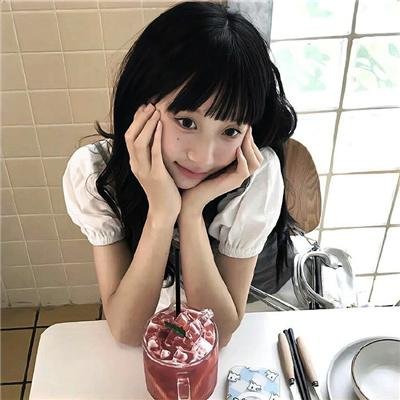 只有我不在的街道
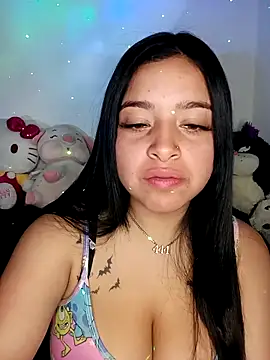  juli17  online show from 03/27/26, 11:04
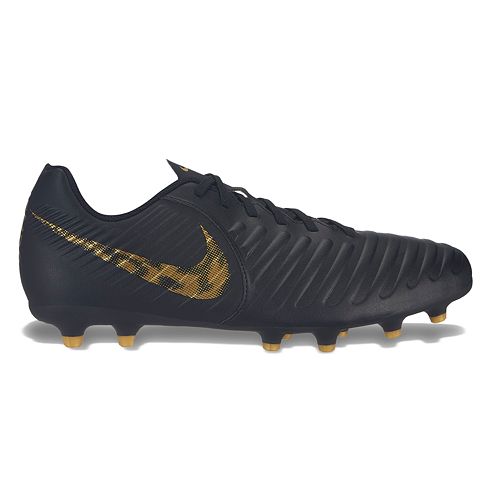 kohls mens soccer cleats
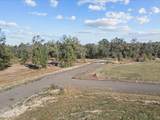 12 Pr 7861 - Photo 17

━━━━━━

The listing should be transcribed exactly. No picture is to appear in the transcription.

 只有我不在的街道
  juli17  online show from 03/27/26, 11:04
 kohls mens soccer cleats
 12 Pr 7861 - Photo 17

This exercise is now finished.